Basic Education Minister Angie Motshekga

Michelle Jones

Education Writer

BASIC Education Minister Angie Motshekga has decried as “worryingly low” Grade 9 pupils scoring an average of only 13 percent nationally in standardised maths – 17 percent in the Western Cape.

A larger percentage of Western Cape pupils also performed at higher levels – 5 percent of Western Cape pupils achieved 50 percent and more, compared to 2 percent nationally.

At the Gauteng release of the results of the annual national assessment (ANA) yesterday, Motshekga said: “While not unexpected, the results for Grade 9, particularly for mathematics, are a cause for great concern. These results explain to a very large extent why, among many other reasons, we have such high failure and dropout rates at grades 10 and 11.”

Grade 9 pupils wrote the tests for the first time this year.

Limpopo pupils scored the lowest, with an average percentage mark of just 9 percent. Western Cape pupils achieved 48 percent for the home language test, compared to 43 percent achieved nationally, and 37 percent for the first additional language test, compared to 35 percent at a national level.

The Department of Basic Education’s (DBE) report, which analysed the results, said the Grade 9 pupils’ performance in maths was “below expectation and will therefore receive the immediate attention of the DBE through additional and more intensive structured intervention programmes”.

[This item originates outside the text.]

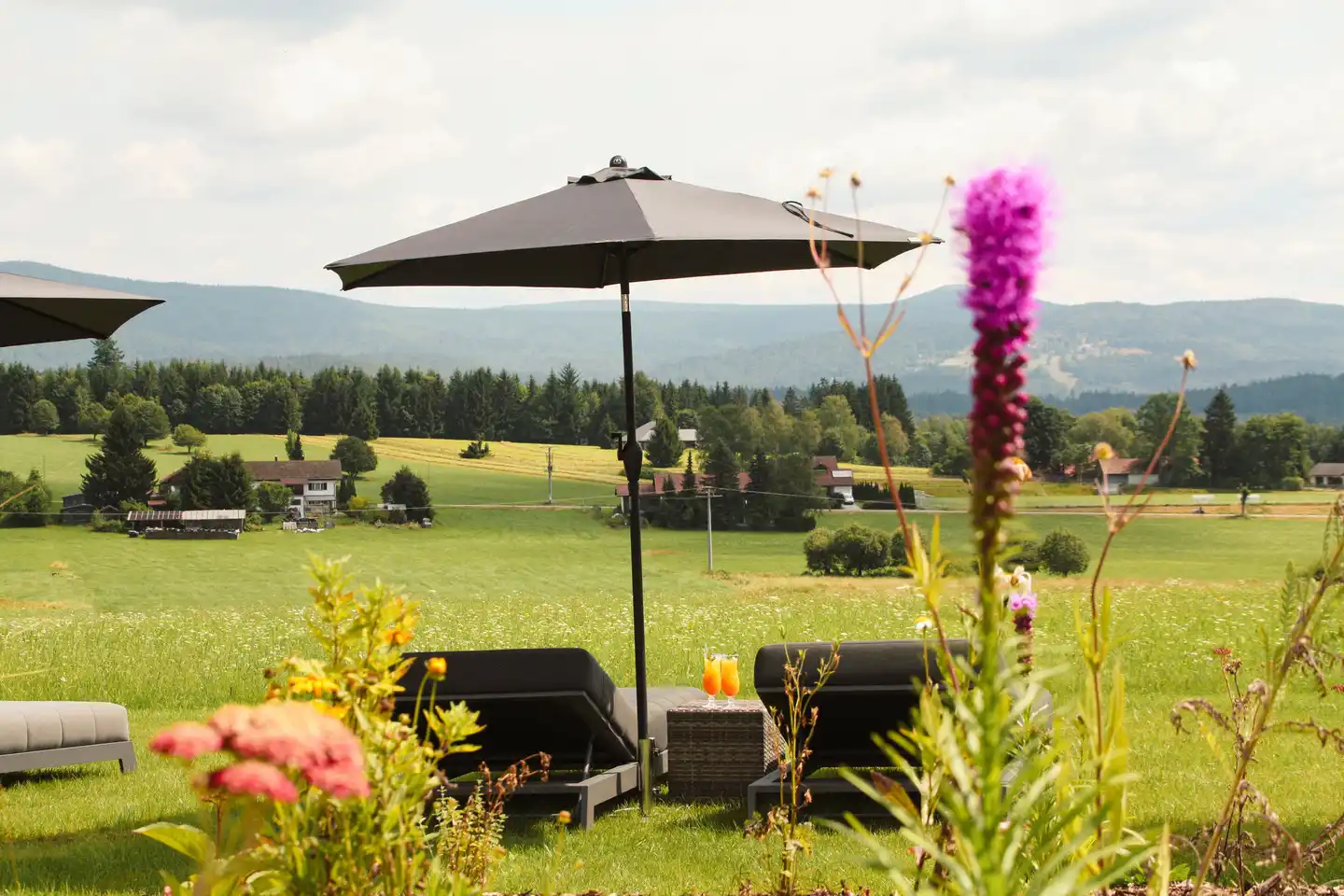 Wieshof Garten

The report continued that the pattern performances in maths results showed a decline from Grade 1 (68 percent) to Grade 9 (13 percent).

“As a base line, the average mark of 13 percent at Grade 9 level was worryingly low. It is evident that more focused interventions are needed at the intermediate and senior phases.”

Education MEC Donald Grant was unable to comment on the results yesterday but would do so after he had time to study and evaluate the report’s contents.

DA basic education spokeswoman Annette Lovemore said she was seriously concerned about the very poor performance in maths by pupils in grades 6 and 9.

“Mathematics scores in fact get progressively worse the higher the grade. The average for mathematics

for Grade 1 was 68 percent, while the average for Grade 6 and 9 are 27 percent and 13 percent respectively. Urgent intervention must take place to stem this adverse pattern.”

Nicholas Spaull, an education and poverty researcher at Stellenbosch University, said the Grade 9 maths results stood out as particularly bad among “across the board” poor results.

“The kids aren’t getting a foundation in literacy and numeracy,” he added.

Education expert Graeme Bloch said the decline in maths results was a big problem.

National Professional Teachers’ Organisation of South Africa president Basil Manuel said the poor performance in Grade 6 and 9 mathematics was disconcerting. He said interventions put in place were clearly not good enough.